Wade U. Seastrong v. The State of Texas--Appeal from County Court at Law of Bowie CountyAnnotate this Case
Court of Appeals
Sixth Appellate District of Texas at Texarkana
WADE U. SEASTRONG, Appellant
THE STATE OF TEXAS, Appellee
On Appeal from the County Court at Law
Bowie County, Texas
Trial Court No. 02M1345-CCL
Before Morriss, C.J., Ross and Carter, JJ.
Memorandum Opinion by Justice Carter
Wade U. Seastrong appeals, pro se, from his conviction by a jury for the misdemeanor offense of public lewdness. The jury assessed his punishment at a $1,500.00 fine and one year's confinement in the county jail and recommended that community supervision be granted. The trial court suspended imposition of the incarceration and placed Seastrong on community supervision for a two-year period. The clerk's record contains no timely claim of indigence; thus, Seastrong is responsible for obtaining and paying for the preparation of the reporter's record. Tex. R. App. P. 35.3(b). A clerk's record was requested and paid for. No reporter's record has been filed.

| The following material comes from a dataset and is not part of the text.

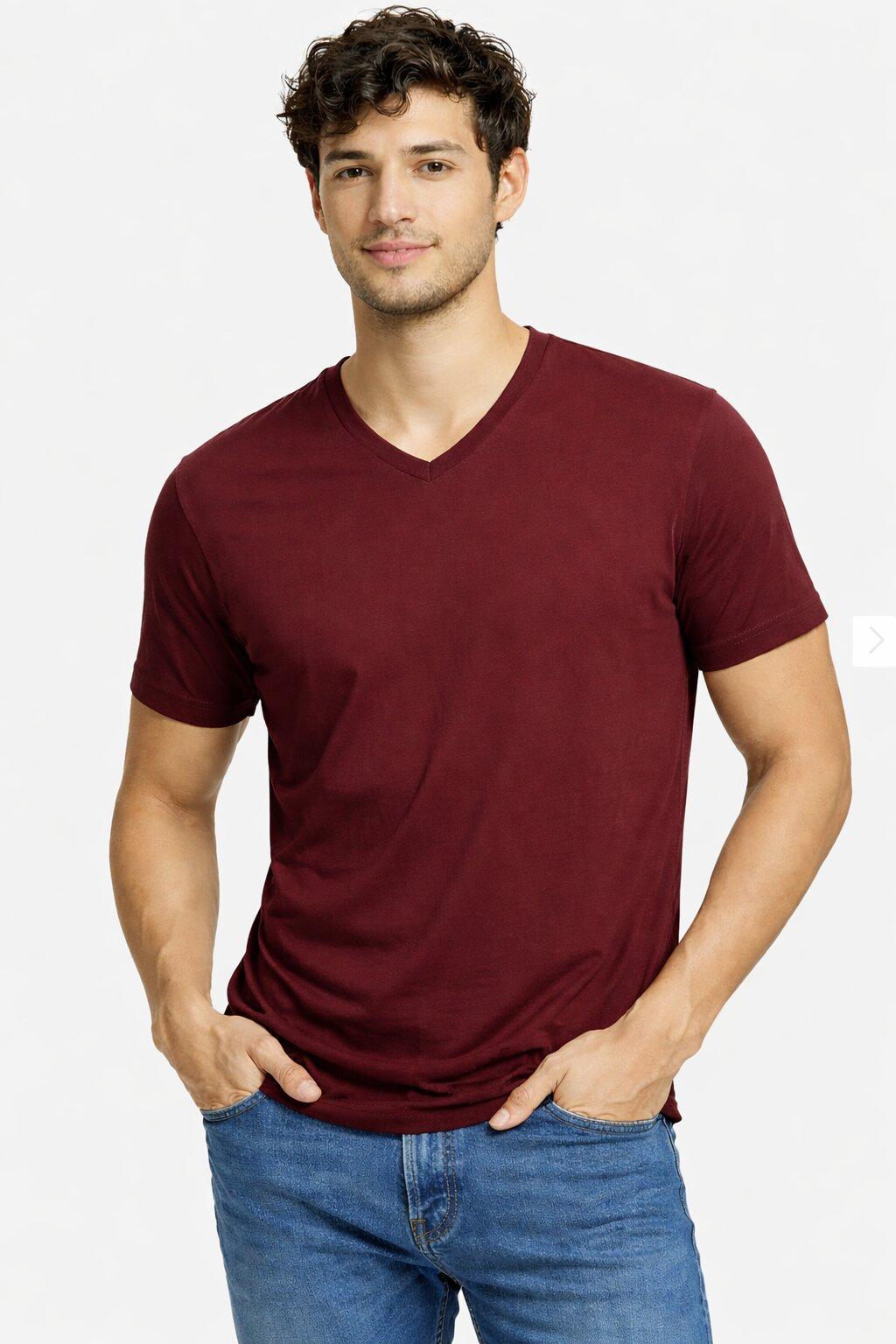 Man wearing a maroon t-shirt and blue jeans on a white background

We therefore review this appeal based on the record before us. Seastrong has filed a brief in which he asks this Court to reverse the trial court and enter an order of acquittal based on the clerk's record alone. He has not, however, specified any error committed by the trial court in support of his request. In his rebuttal to the State's brief (which states only that there is nothing in the appellant's brief to which it can respond), Seastrong states that the evidence cannot support a conclusion of guilt because no witness could have observed any illegal conduct due to the physical layout of the structure and the time necessary to traverse it. If we found the evidence legally insufficient to sustain a conviction, the proper remedy is to reverse the case and order that a judgment of acquittal be entered in the trial court. See Clewis v. State, 922 S.W.2d 126, 133 (Tex. Crim. App. 1996).
In our review of the legal sufficiency of the evidence, we are required to review the relevant evidence in the light most favorable to the verdict and determine whether any rational trier of fact could have found the essential elements of the crime beyond a reasonable doubt. Johnson v. State, 23 S.W.3d 1, 7 (Tex. Crim. App. 2000). In that review, we must evaluate all of the evidence in the record, both direct and circumstantial, whether admissible or inadmissible. Dewberry v. State, 4 S.W.3d 735, 740 (Tex. Crim. App. 1999).
In this case, we cannot review the evidence, because there is no reporter's record. Therefore, we cannot analyze its adequacy to support the verdict. We have also examined the clerk's record and find no error justifying reversal.
We affirm the trial court's judgment.